FDSN / miniSEED3

https://docs.fdsn.org/projects/miniseed3/
8 stars 3 forks source link

miniseed version number in the header (header field 2) #5

Closed kaestli closed 1 year ago

kaestli commented 2 years ago

We'd recommend to allow for a version indication of both major and minor versions (minor versions indicating those where a file according to the spec of the previous minor is still valid according to the new minor, major versions being not backward-compatible) Reasoning: A typical case for a new minor version would be the the extension of the list of valid payload encodings (header field 5), a process anticipated in the spec and an information relevant for software to check compatibility with a seedlink file. Potential implementations: a) add a new byte for the minor (especially, alongside with proposal/issue #6, the record header would remain unchanged) b) interpret the byte as version x10, allowing 25 majors and up to 10 minors per major.

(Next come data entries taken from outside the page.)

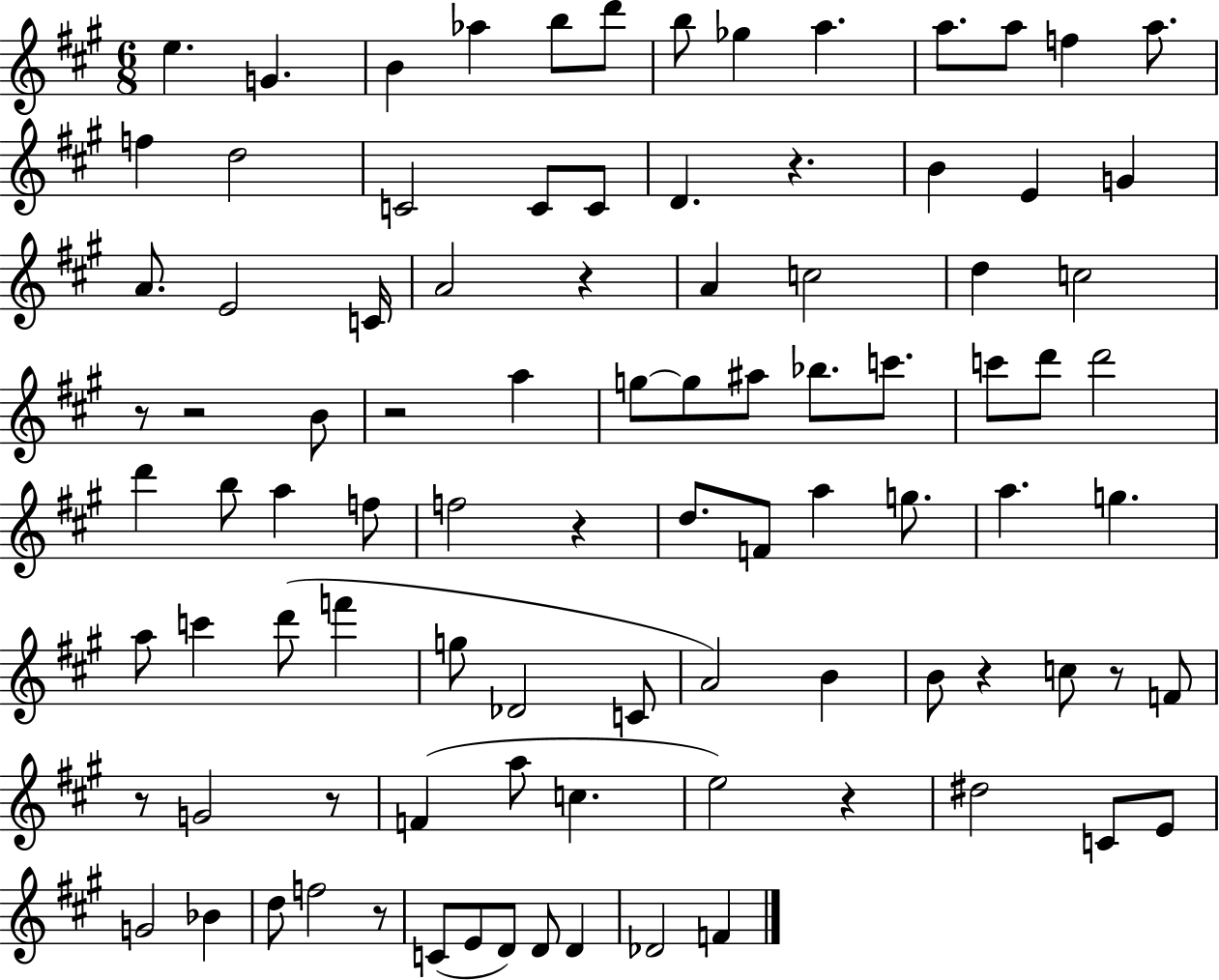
{
  \clef treble
  \numericTimeSignature
  \time 6/8
  \key a \major
  e''4. g'4. | b'4 aes''4 b''8 d'''8 | b''8 ges''4 a''4. | a''8. a''8 f''4 a''8. | \break f''4 d''2 | c'2 c'8 c'8 | d'4. r4. | b'4 e'4 g'4 | \break a'8. e'2 c'16 | a'2 r4 | a'4 c''2 | d''4 c''2 | \break r8 r2 b'8 | r2 a''4 | g''8~~ g''8 ais''8 bes''8. c'''8. | c'''8 d'''8 d'''2 | \break d'''4 b''8 a''4 f''8 | f''2 r4 | d''8. f'8 a''4 g''8. | a''4. g''4. | \break a''8 c'''4 d'''8( f'''4 | g''8 des'2 c'8 | a'2) b'4 | b'8 r4 c''8 r8 f'8 | \break r8 g'2 r8 | f'4( a''8 c''4. | e''2) r4 | dis''2 c'8 e'8 | \break g'2 bes'4 | d''8 f''2 r8 | c'8( e'8 d'8) d'8 d'4 | des'2 f'4 | \break \bar "|."
}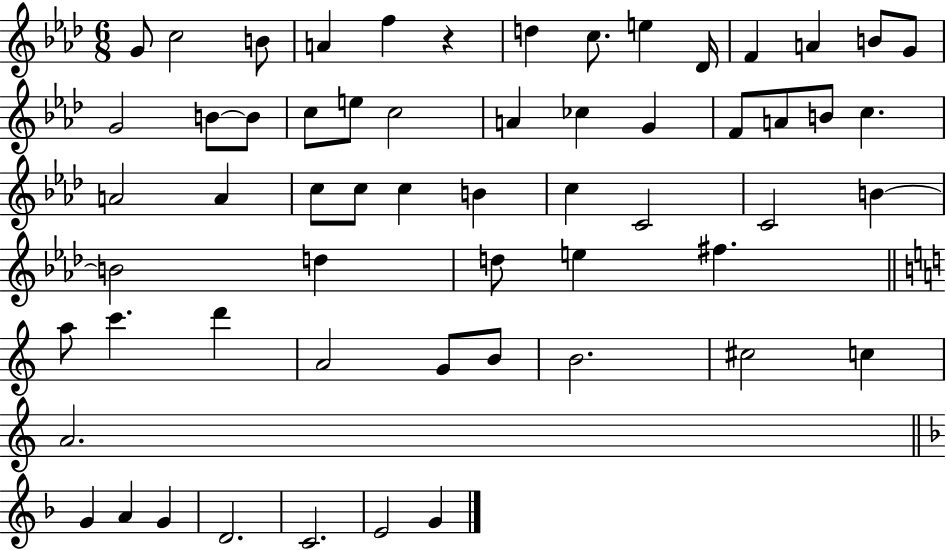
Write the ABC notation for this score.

X:1
T:Untitled
M:6/8
L:1/4
K:Ab
G/2 c2 B/2 A f z d c/2 e _D/4 F A B/2 G/2 G2 B/2 B/2 c/2 e/2 c2 A _c G F/2 A/2 B/2 c A2 A c/2 c/2 c B c C2 C2 B B2 d d/2 e ^f a/2 c' d' A2 G/2 B/2 B2 ^c2 c A2 G A G D2 C2 E2 G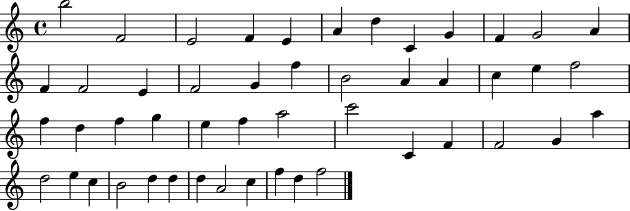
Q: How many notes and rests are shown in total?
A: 49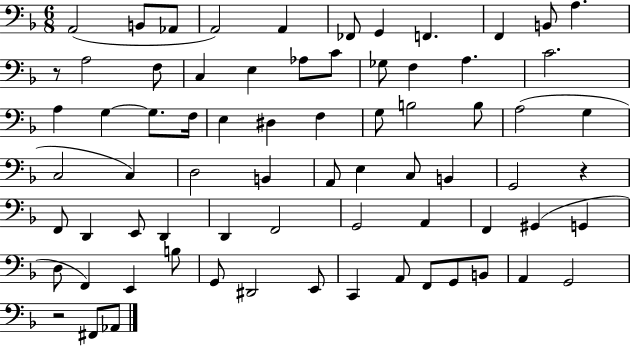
A2/h B2/e Ab2/e A2/h A2/q FES2/e G2/q F2/q. F2/q B2/e A3/q. R/e A3/h F3/e C3/q E3/q Ab3/e C4/e Gb3/e F3/q A3/q. C4/h. A3/q G3/q G3/e. F3/s E3/q D#3/q F3/q G3/e B3/h B3/e A3/h G3/q C3/h C3/q D3/h B2/q A2/e E3/q C3/e B2/q G2/h R/q F2/e D2/q E2/e D2/q D2/q F2/h G2/h A2/q F2/q G#2/q G2/q D3/e F2/q E2/q B3/e G2/e D#2/h E2/e C2/q A2/e F2/e G2/e B2/e A2/q G2/h R/h F#2/e Ab2/e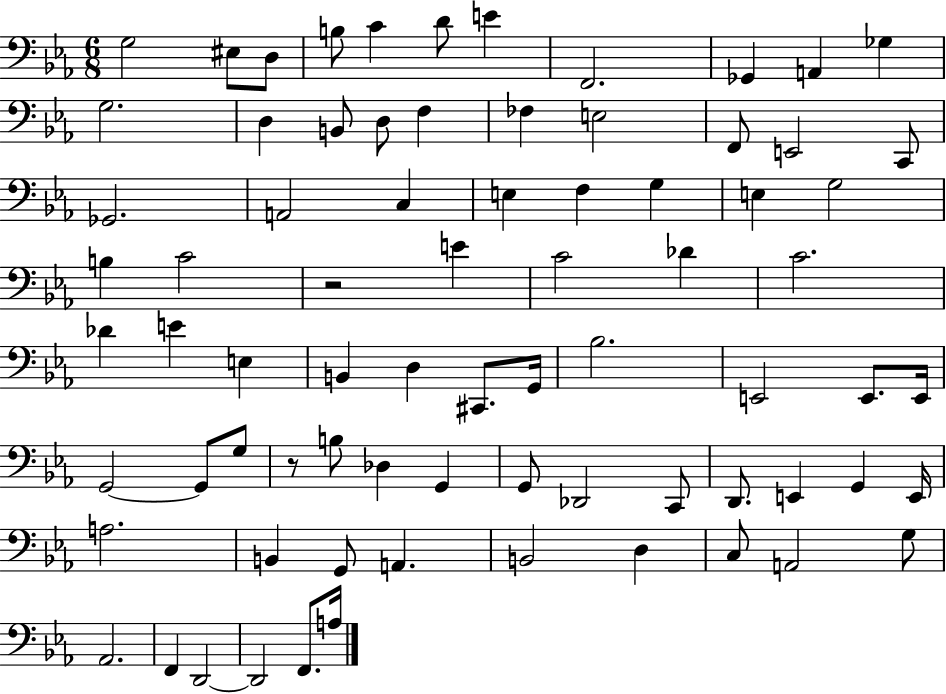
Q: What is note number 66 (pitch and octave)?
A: C3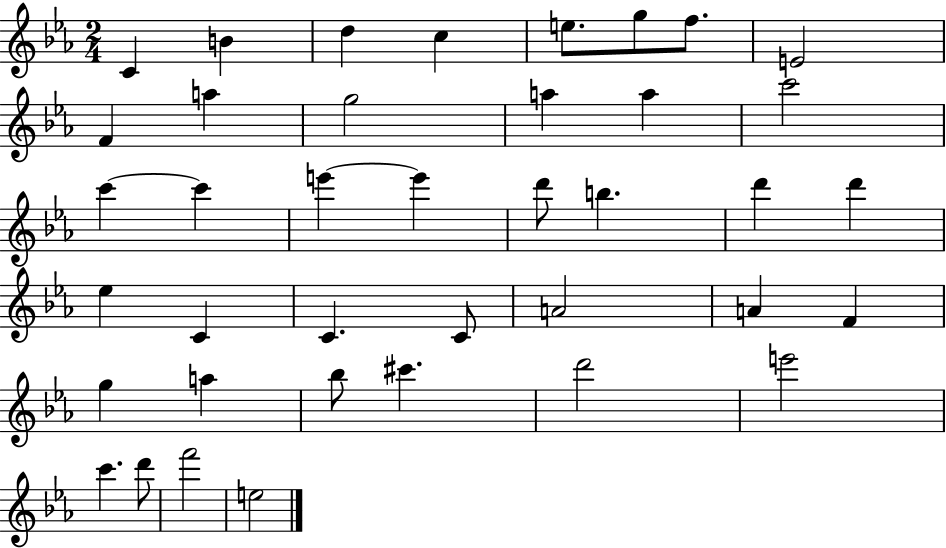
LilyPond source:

{
  \clef treble
  \numericTimeSignature
  \time 2/4
  \key ees \major
  c'4 b'4 | d''4 c''4 | e''8. g''8 f''8. | e'2 | \break f'4 a''4 | g''2 | a''4 a''4 | c'''2 | \break c'''4~~ c'''4 | e'''4~~ e'''4 | d'''8 b''4. | d'''4 d'''4 | \break ees''4 c'4 | c'4. c'8 | a'2 | a'4 f'4 | \break g''4 a''4 | bes''8 cis'''4. | d'''2 | e'''2 | \break c'''4. d'''8 | f'''2 | e''2 | \bar "|."
}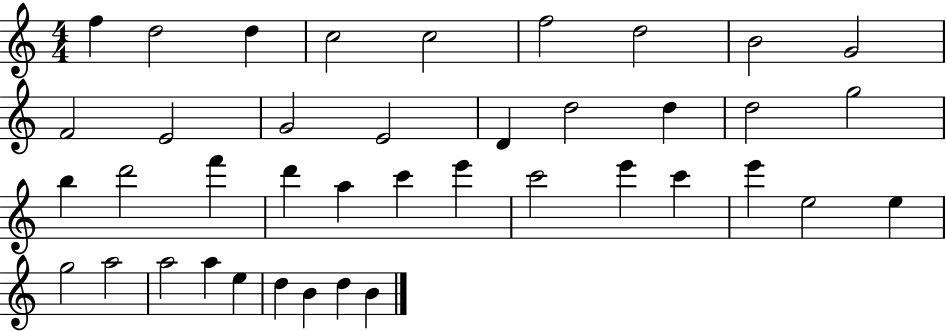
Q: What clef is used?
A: treble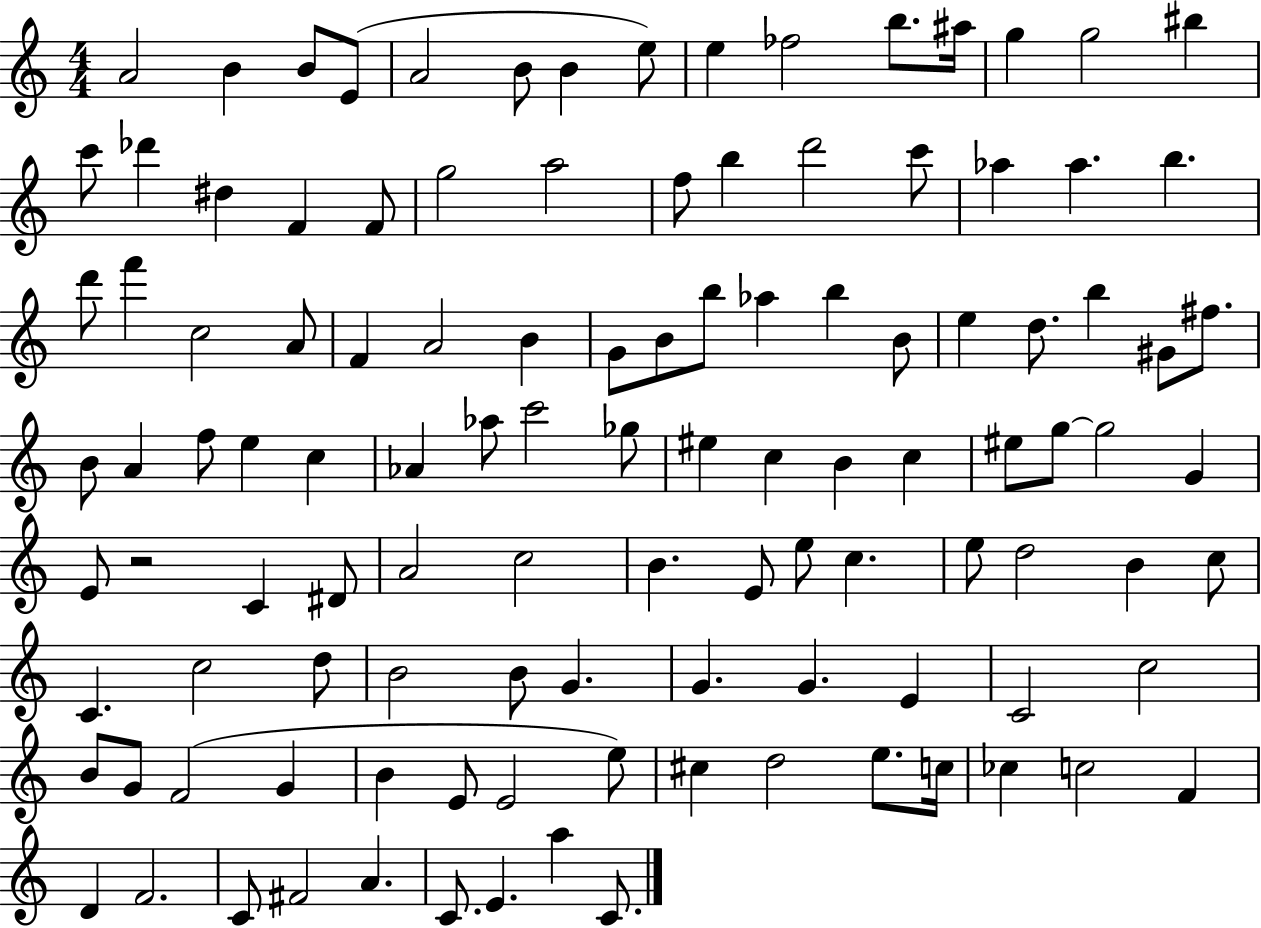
A4/h B4/q B4/e E4/e A4/h B4/e B4/q E5/e E5/q FES5/h B5/e. A#5/s G5/q G5/h BIS5/q C6/e Db6/q D#5/q F4/q F4/e G5/h A5/h F5/e B5/q D6/h C6/e Ab5/q Ab5/q. B5/q. D6/e F6/q C5/h A4/e F4/q A4/h B4/q G4/e B4/e B5/e Ab5/q B5/q B4/e E5/q D5/e. B5/q G#4/e F#5/e. B4/e A4/q F5/e E5/q C5/q Ab4/q Ab5/e C6/h Gb5/e EIS5/q C5/q B4/q C5/q EIS5/e G5/e G5/h G4/q E4/e R/h C4/q D#4/e A4/h C5/h B4/q. E4/e E5/e C5/q. E5/e D5/h B4/q C5/e C4/q. C5/h D5/e B4/h B4/e G4/q. G4/q. G4/q. E4/q C4/h C5/h B4/e G4/e F4/h G4/q B4/q E4/e E4/h E5/e C#5/q D5/h E5/e. C5/s CES5/q C5/h F4/q D4/q F4/h. C4/e F#4/h A4/q. C4/e. E4/q. A5/q C4/e.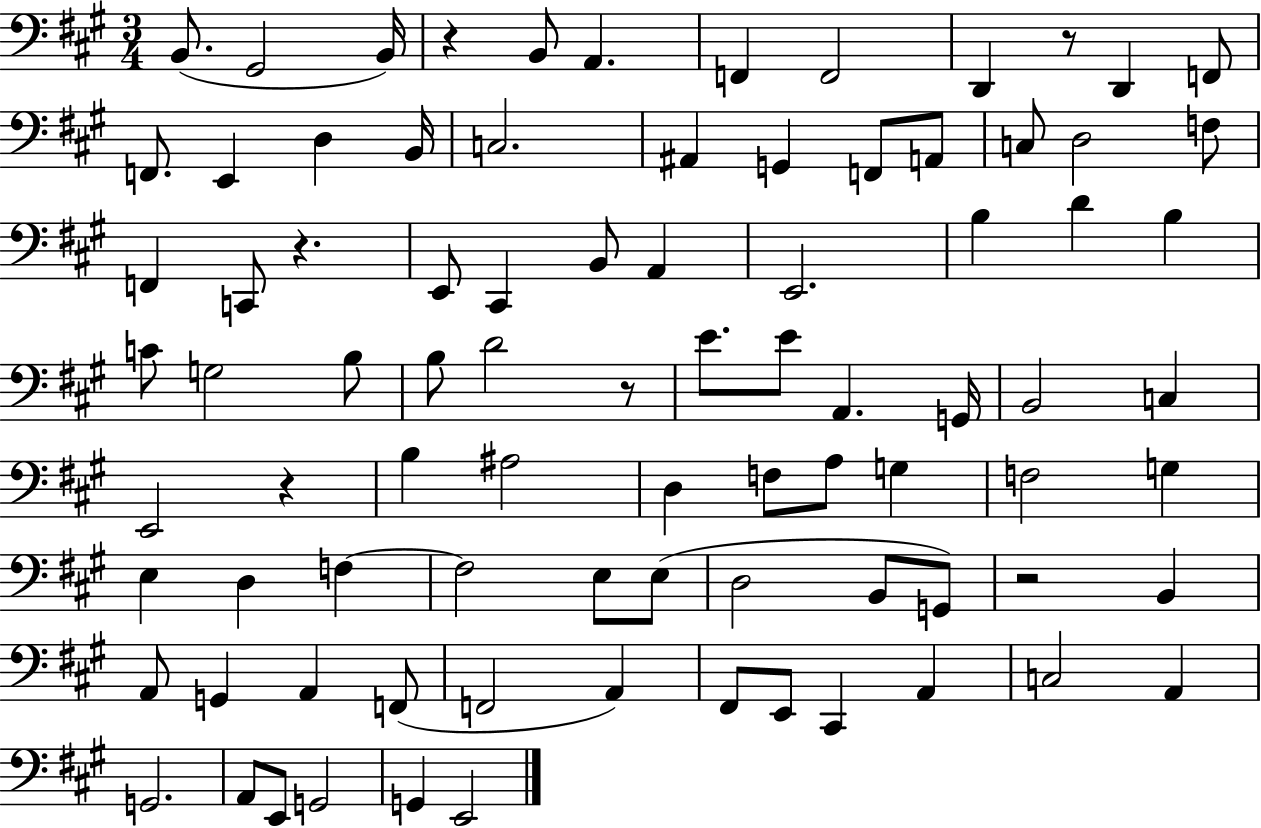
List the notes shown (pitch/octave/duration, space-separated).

B2/e. G#2/h B2/s R/q B2/e A2/q. F2/q F2/h D2/q R/e D2/q F2/e F2/e. E2/q D3/q B2/s C3/h. A#2/q G2/q F2/e A2/e C3/e D3/h F3/e F2/q C2/e R/q. E2/e C#2/q B2/e A2/q E2/h. B3/q D4/q B3/q C4/e G3/h B3/e B3/e D4/h R/e E4/e. E4/e A2/q. G2/s B2/h C3/q E2/h R/q B3/q A#3/h D3/q F3/e A3/e G3/q F3/h G3/q E3/q D3/q F3/q F3/h E3/e E3/e D3/h B2/e G2/e R/h B2/q A2/e G2/q A2/q F2/e F2/h A2/q F#2/e E2/e C#2/q A2/q C3/h A2/q G2/h. A2/e E2/e G2/h G2/q E2/h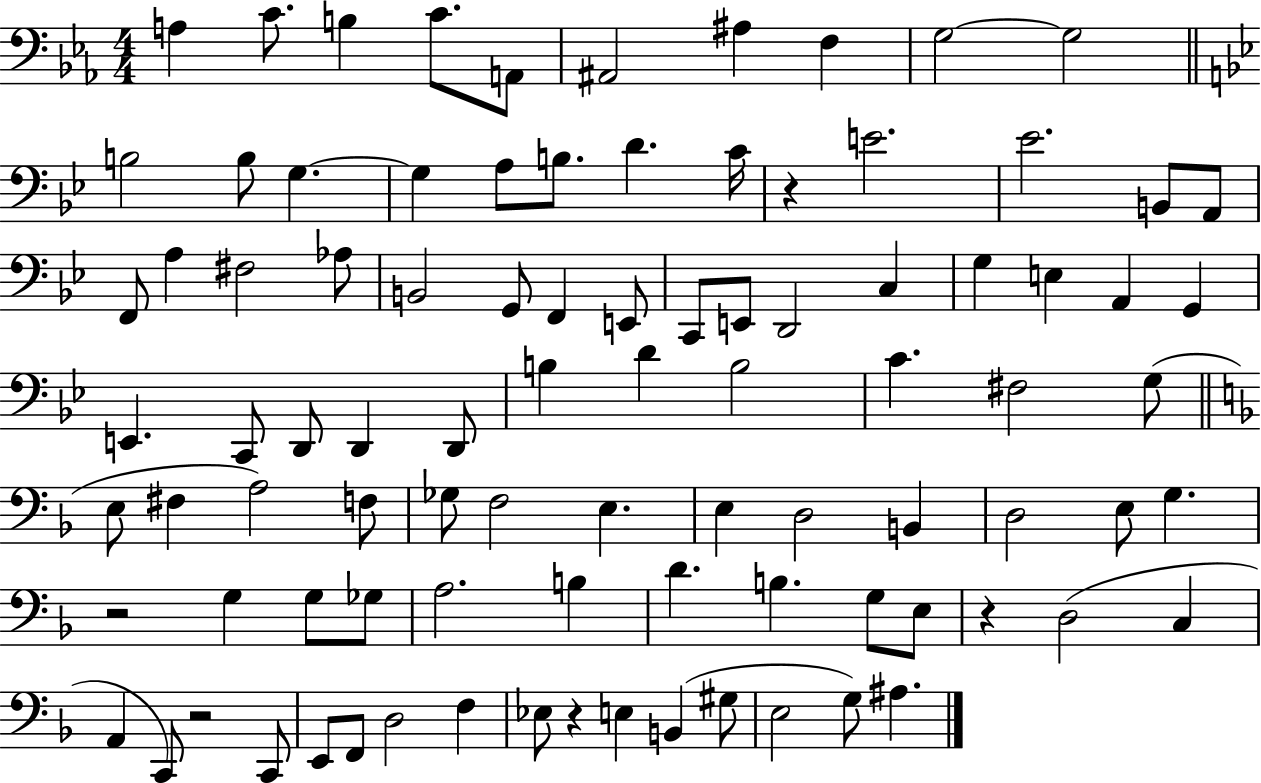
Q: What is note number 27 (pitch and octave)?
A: B2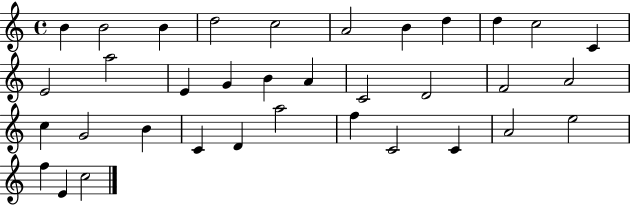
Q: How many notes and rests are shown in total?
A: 35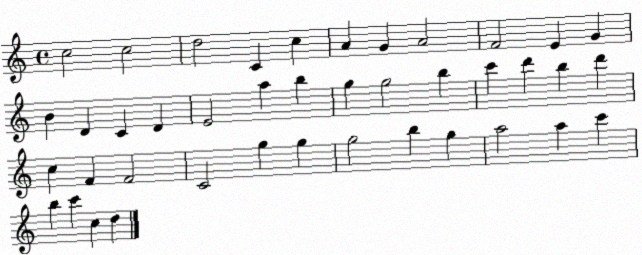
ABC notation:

X:1
T:Untitled
M:4/4
L:1/4
K:C
c2 c2 d2 C c A G A2 F2 E G B D C D E2 a b g g2 b c' d' b d' c F F2 C2 g g g2 b g a2 a c' b c' c d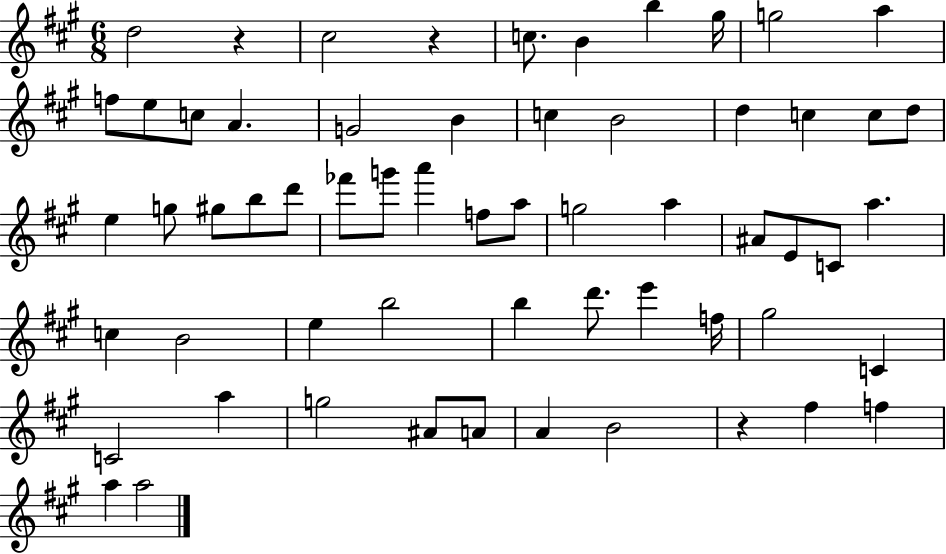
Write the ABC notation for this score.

X:1
T:Untitled
M:6/8
L:1/4
K:A
d2 z ^c2 z c/2 B b ^g/4 g2 a f/2 e/2 c/2 A G2 B c B2 d c c/2 d/2 e g/2 ^g/2 b/2 d'/2 _f'/2 g'/2 a' f/2 a/2 g2 a ^A/2 E/2 C/2 a c B2 e b2 b d'/2 e' f/4 ^g2 C C2 a g2 ^A/2 A/2 A B2 z ^f f a a2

crotwell commented 2 years ago

The docs say:

New data encodings may be added to the format in the future without incrementing the format version.

so adding a new encoding type does not require a change in the version number.

My feeling is that the structure proposed is flexible enough, given the json extra headers, that anything that would be accomplished with a "backward-compatible" change can be done without a new version. I would prefer that any change to the fixed header to always be considered "breaking" and simply increment the major version number. The extra headers and payload are effectively designed to allow backwards compatible changes without changing the spec version.

That said, it should be made clear that the specification document itself can be revised in a backwards compatible way, and adding an encoding is a good example of that, as well as fixing typos and adding clarification. In this case, it would be useful to reference both the old and new version of the documentation. Perhaps using a "revision" number or date would be sufficient.

kaestli commented 2 years ago

This statement in the docs nicely display the problem: if business rules allow to add encodings without changing the version number, then the version number cannot tell a software whether it can read the file. it must check the encoding field in addition.

crotwell commented 2 years ago

Yes, so one way to think of this is the version tells you if you can read basic structure of the file and the fixed header, the encoding tells you if you can then read the actual timeseries from the payload. Sometimes you need to do both, but sometimes only the first. And of course even if the list of encodings was fixed, you would still have to check the encoding to know how to parse the timeseries, so incrementing the version actually doesn't help the reader.

I see this as a feature, not a problem. :)

djeastonca commented 1 year ago

Perhaps using a "revision" number or date would be sufficient.

To close the loop on what appears to be the outcome of this issue, I propose that the documentation be versioned with a two component reversion number that reflects the Record Version. For example, the initially ratified mseed3 specification would start with revision 3.0. It would be updated to revision 3.1 if, for example, a new payload encoding is added. Eventually if a change to the header structure arises and is eventually ratified, then a revision 4.0 of the specification would document it.

kaestli commented 1 year ago

So you would have different 3.x specification versions, as well as a version flag in the file, which however does not tell you which specification version actually applies? I have a hard time to see this as a feature...

crotwell commented 1 year ago

I think I agree with @kaestli in that version 3.1 kind of implies that the file format has changed instead of just documentation. Perhaps separating them makes it clearer, so the documentation might be "version 3 revision 1". or "revision 2024-05-14"?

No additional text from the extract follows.